Un poema que descubrí hace quince años en The Longman Anthology of Contemporary American Poetry, el mismo que me acercó originalmente la poesía de Charles Simic. Un libro ancho y grueso como un listín telefónico, con el Cañón del Colorado -un inmenso risco iluminado por el sol de poniente- cubriendo la portada, y que sobresalía con descaro inconfundible de su balda en la biblioteca de la Universidad de Sheffield. Como nadie lo reclamaba, tardé más de un curso en devolverlo. Llegó a convertirse en parte del mobiliario, y aún ahora ciertos poemas siguen asociados a la memoria fotográfica de sus páginas: una tipografía generosa, como de libro de texto, y fotos de los autores en un blanco y negro de inconfundible aire sesentero.

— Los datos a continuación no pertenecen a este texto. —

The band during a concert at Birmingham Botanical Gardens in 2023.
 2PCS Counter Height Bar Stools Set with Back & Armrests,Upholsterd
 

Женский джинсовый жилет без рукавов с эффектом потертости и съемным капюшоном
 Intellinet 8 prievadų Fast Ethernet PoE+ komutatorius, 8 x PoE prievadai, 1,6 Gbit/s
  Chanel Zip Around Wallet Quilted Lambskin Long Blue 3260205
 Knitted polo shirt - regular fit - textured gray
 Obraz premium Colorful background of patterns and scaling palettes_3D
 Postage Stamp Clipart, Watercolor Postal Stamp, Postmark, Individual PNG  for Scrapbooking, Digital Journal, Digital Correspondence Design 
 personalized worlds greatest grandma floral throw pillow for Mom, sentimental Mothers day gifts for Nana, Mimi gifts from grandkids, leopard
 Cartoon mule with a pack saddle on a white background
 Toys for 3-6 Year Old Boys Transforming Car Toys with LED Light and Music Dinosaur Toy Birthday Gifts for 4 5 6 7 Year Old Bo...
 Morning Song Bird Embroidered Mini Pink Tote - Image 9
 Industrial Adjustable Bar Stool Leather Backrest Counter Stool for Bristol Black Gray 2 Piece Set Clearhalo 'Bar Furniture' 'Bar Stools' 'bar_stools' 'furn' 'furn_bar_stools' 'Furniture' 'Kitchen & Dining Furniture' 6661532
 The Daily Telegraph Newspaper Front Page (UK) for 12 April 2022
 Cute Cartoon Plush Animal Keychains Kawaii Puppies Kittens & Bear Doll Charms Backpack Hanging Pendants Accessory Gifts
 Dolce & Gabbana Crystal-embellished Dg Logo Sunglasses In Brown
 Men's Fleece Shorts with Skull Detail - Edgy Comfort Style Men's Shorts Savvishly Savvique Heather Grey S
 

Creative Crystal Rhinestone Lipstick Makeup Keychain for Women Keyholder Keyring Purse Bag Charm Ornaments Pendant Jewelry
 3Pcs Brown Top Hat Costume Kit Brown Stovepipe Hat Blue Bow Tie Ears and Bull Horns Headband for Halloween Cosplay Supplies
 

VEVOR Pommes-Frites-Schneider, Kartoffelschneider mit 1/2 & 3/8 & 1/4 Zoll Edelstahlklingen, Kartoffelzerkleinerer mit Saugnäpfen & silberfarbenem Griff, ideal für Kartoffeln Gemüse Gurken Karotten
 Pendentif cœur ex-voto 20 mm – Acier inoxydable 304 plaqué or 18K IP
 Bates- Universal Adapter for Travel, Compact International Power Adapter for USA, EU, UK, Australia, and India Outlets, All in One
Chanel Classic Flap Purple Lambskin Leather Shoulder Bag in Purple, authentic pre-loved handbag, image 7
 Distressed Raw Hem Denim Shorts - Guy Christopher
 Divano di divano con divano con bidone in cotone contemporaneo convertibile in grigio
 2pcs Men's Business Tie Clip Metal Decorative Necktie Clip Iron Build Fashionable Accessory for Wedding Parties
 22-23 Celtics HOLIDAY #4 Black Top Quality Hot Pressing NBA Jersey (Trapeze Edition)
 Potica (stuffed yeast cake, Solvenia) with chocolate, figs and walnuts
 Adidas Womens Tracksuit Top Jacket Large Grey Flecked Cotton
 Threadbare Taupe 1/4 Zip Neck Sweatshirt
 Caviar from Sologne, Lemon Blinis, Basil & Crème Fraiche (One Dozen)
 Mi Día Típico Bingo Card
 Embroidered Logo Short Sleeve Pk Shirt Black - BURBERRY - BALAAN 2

La verdad es que a Donald Justice (1925-2004) sólo le he leído en antologías. Eso sí, está en todas, y en todas se dice que es un poeta de rara perfección, de obra escueta y ajustada, que hizo de la brevedad y la reticencia principios de orden moral. Así en este breve y punzante poema, donde la alucinación se deja envolver hacia el final por los rayos oblicuos de la elegía. Leyéndolo, se comprenden los elogios que Simic le ha dedicado alguna vez.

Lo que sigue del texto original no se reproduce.